WHAT TO PRODUCE :: I'd like the data below restated word for word, with the pictures left out.

------ SUPPLIED DATA

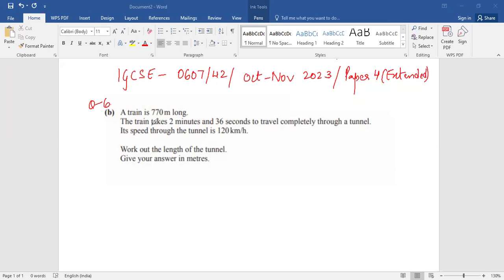Hello friends. Today we will be doing one of the questions from the IGCSE paper code 0607, paper 42, October-November 2023. It's paper 4 extended course. We're doing question number 6b.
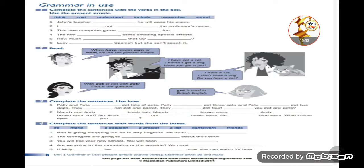Hello, dear 7th grade girls! I hope all of you are okay. How are you? Is everything okay? Before we start, I just want to tell you: keep it safe, stay home, study well, and inshallah everything will be okay.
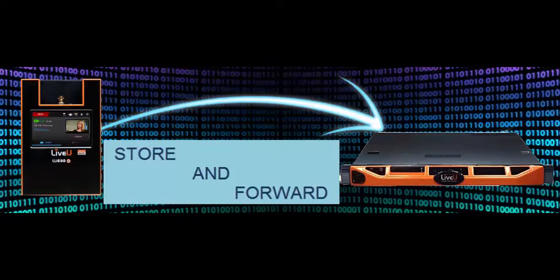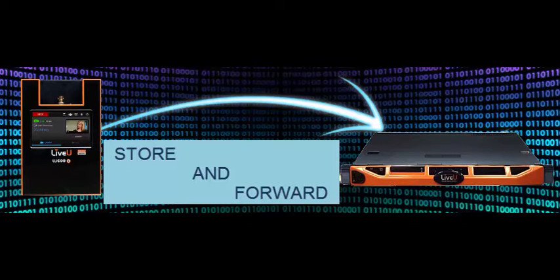Hope you enjoyed our brief view into store and forwarding, another option that helps you take advantage of the cellular bonding and LRT that only Live View can provide. For more information, follow the link below.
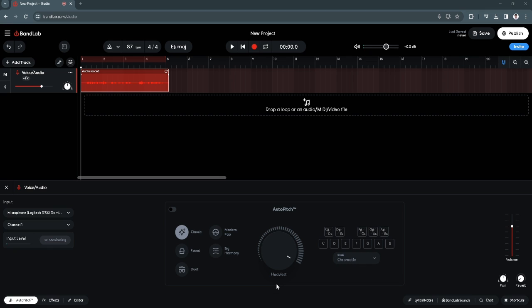Let's get started. The first thing you want to do is head to bandlab.com or your BandLab app. Now you want to go and edit the project that you are editing. In my case, this is the project I'm going to edit. If you want to speed up the songs, you can see right here.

------------

TASK RESULT ::
Hello friends. Today we will be doing one of the questions from the IGCSE paper code 0607, paper 42, October-November 2023. It's paper 4 extended course. We're doing question number 6b.
Hello, dear 7th grade girls! I hope all of you are okay. How are you? Is everything okay? Before we start, I just want to tell you: keep it safe, stay home, study well, and inshallah everything will be okay.
Hope you enjoyed our brief view into store and forwarding, another option that helps you take advantage of the cellular bonding and LRT that only Live View can provide. For more information, follow the link below.
Let's get started. The first thing you want to do is head to bandlab.com or your BandLab app. Now you want to go and edit the project that you are editing. In my case, this is the project I'm going to edit. If you want to speed up the songs, you can see right here.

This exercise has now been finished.